Recorded information:
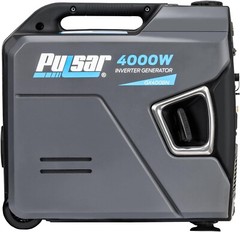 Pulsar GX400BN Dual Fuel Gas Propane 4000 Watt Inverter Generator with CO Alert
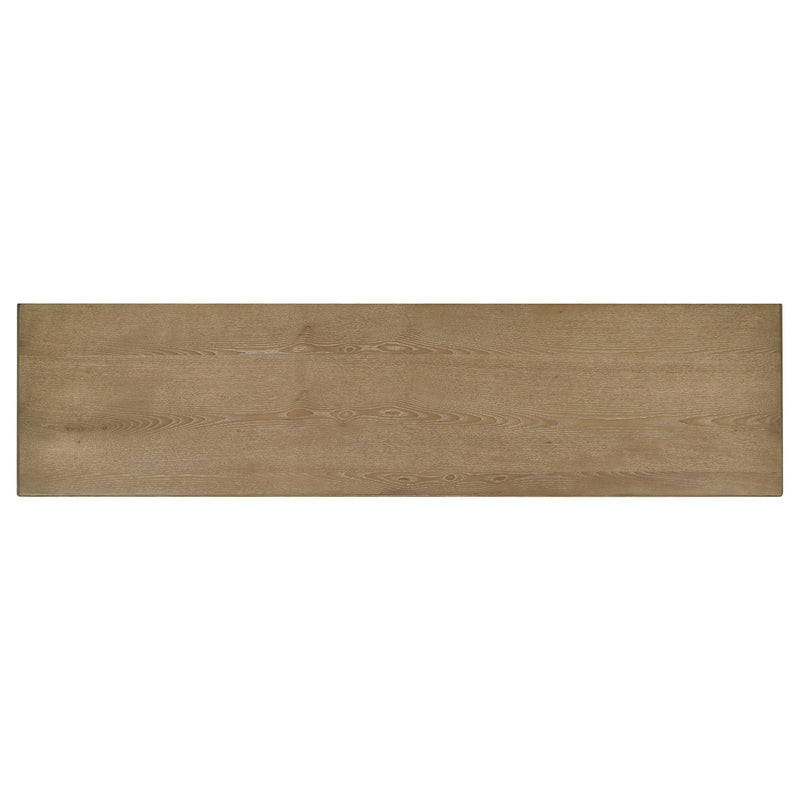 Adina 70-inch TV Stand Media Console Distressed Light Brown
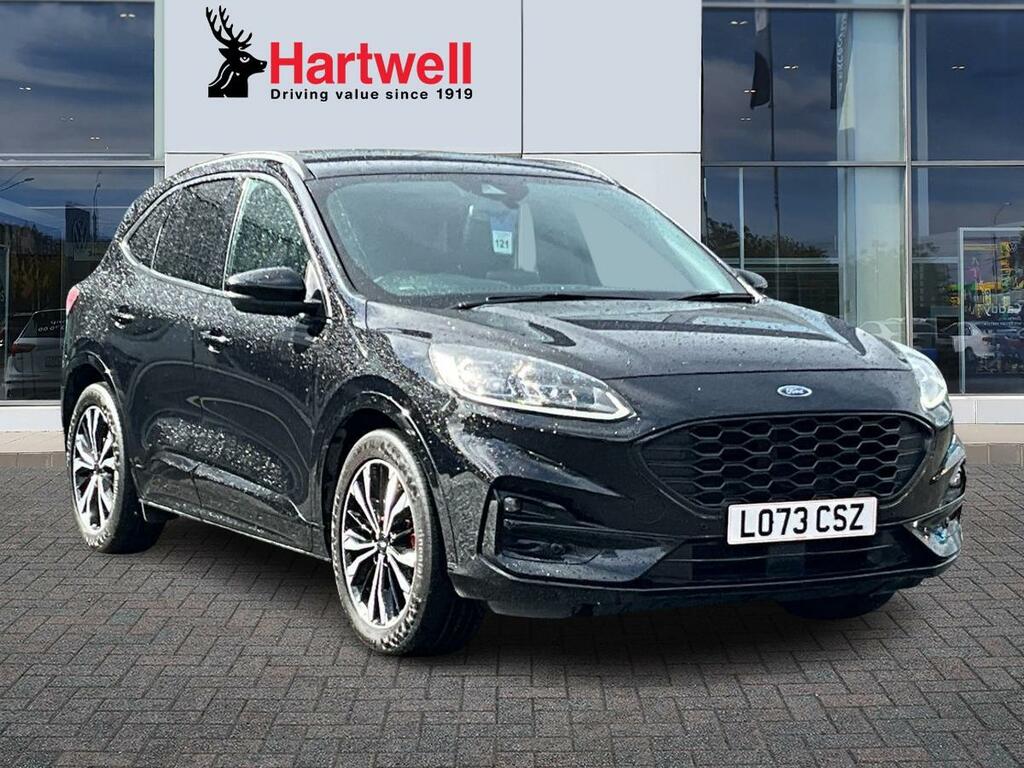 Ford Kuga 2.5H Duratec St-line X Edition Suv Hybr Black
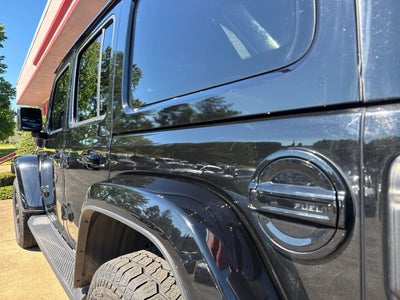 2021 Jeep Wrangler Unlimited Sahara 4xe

Problem description: Give back the data exactly. Skip any images.

Exercise output:
 Pulsar GX400BN Dual Fuel Gas Propane 4000 Watt Inverter Generator with CO Alert
 Adina 70-inch TV Stand Media Console Distressed Light Brown
 Ford Kuga 2.5H Duratec St-line X Edition Suv Hybr Black
 2021 Jeep Wrangler Unlimited Sahara 4xe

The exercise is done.